Esse mesmo dito vulgar é corrente na fala de várias personagens dos romances de Camilo. Podemos referir este expressivo exemplo:
— Muito obrigado, menina.
— Menina! tornou ela. Eu sou mulher, não sou menina.
………………………………………………..
— Que linda ia! Fiquei a pensar em si muitos dias…
— Mas esqueceu-se, e nem me conheceu agora. Uma rapariga em dez anos muda de cara; já estou velha…
— Não está sequer mudada, menina.
— E ele a dar-lhe! …não gosto que me chame menina. Chame-me Tomásia. (Coração, cabeça e estômago, p. 211)
De igual sorte em A filha do arcediago, às páginas 84, 151, 180 etc.
Um dos ditos mais constantes que, ultimamente, ouvíamos da Mãezinha, era este:
Saudades são securas,
Meu amor, dá cá a borracha…[ 30 ]
A “borracha” aí é o velho depósito de vinho ou água, usado em Portugal e no Brasil, como se pode ver de certas expressões e provérbios. Consta ela, por exemplo, do Anatômico jocoso, de R. Francisco Rey de Abreu Matta Zeferino, no capítulo “Sátira a um homem bêbado”: “Oh desventura de bêbado! Queres ver o teu ídolo? Adoras a uma borracha” (tomo I p. 208). Nos Adágios portugueses, de Antônio Delicado (p. 109) está averbado o provérbio: “Não vás sem borracha a caminho, e, quando a levares, não seja sem vinho”; e, à página 199, este, ligado talvez à referida frase-feita: “Borracha vazia não tira secura”.

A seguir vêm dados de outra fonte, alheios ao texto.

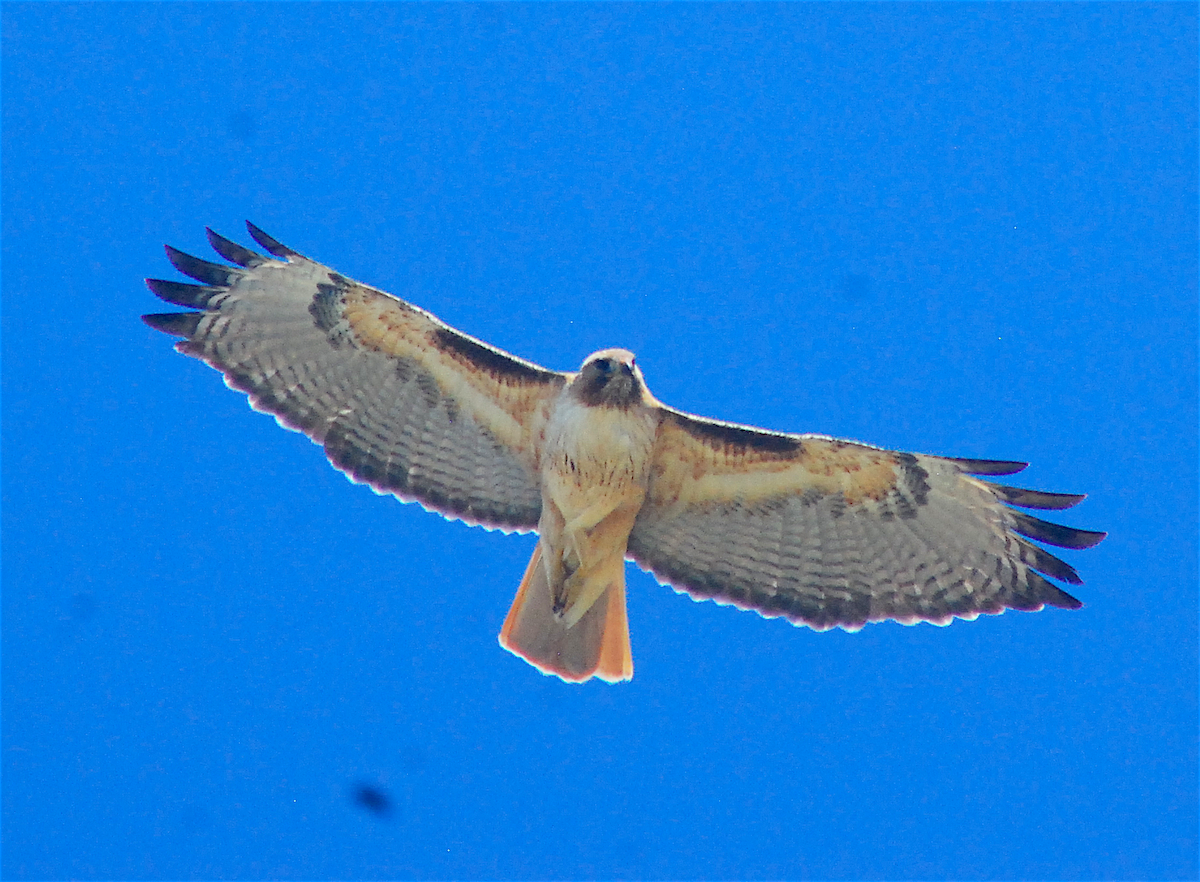 Red-tailed Hawk - Anonymous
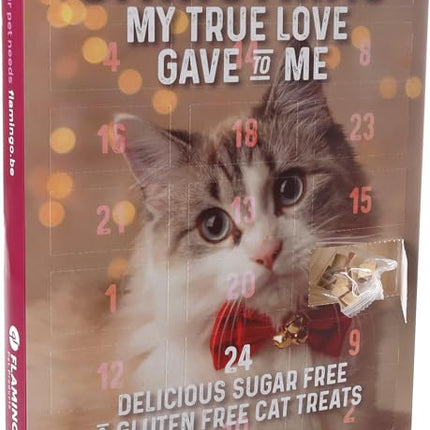 CHRISTMAS CALENDAR Chick'n Snack Cat 24ST 295G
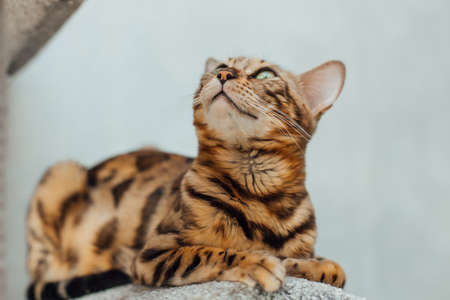 Young cute bengal cat laying on a soft cat's shelf of a cat's house indoors.の写真素材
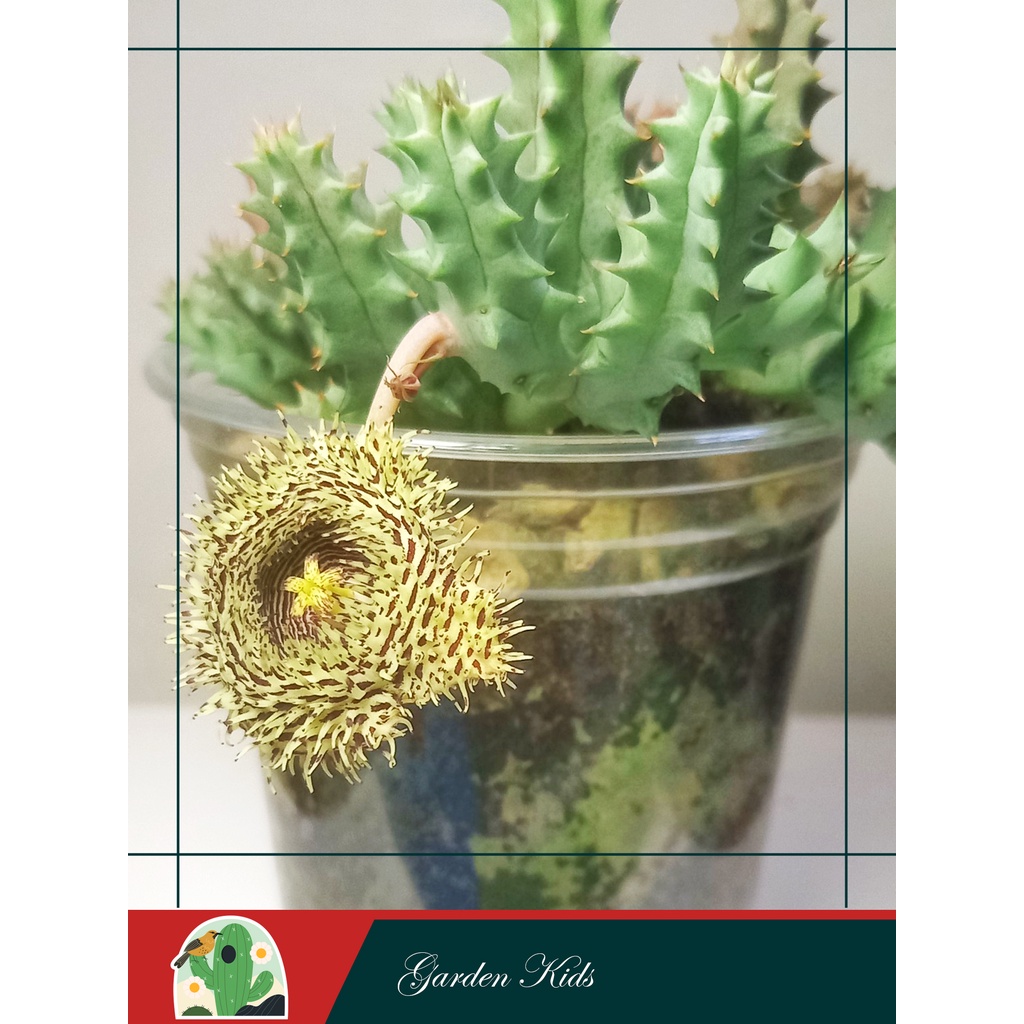 Xương rồng sao biển hoa màu nâu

Segundo o testemunho de mestre Câmara Cascudo, “a nossa borracha, saco de couro cortido para conduzir líquidos, preferentemente água, ‘é de uso contemporâneo no sertão do nordeste'”. (“Com Dom Quixote no folclore do Brasil”, estudo in Dom Quixote de La Mancha, José Olímpio, vol. I, p. 31).
A velha expressão popular foi incluída no livro de Fonseca Lebre, Locuções e modos de dizer, (p. 155): “Saudades são securas; oh amor, dá cá a borracha!.”
Também em Camilo Castelo Branco, vamos encontrar a mesma expressão que, de tanto uso, julgou o autor desnecessário registrá-la completa. Lá está ela no romance A filha do arcediago (p. 120): “— São saudades de sua amiga Rosa? — Não, minha senhora… eu não tenho saudades de amiga nenhuma. — Diz muito bem. — acudiu o jocundo negociante — saudades são securas…”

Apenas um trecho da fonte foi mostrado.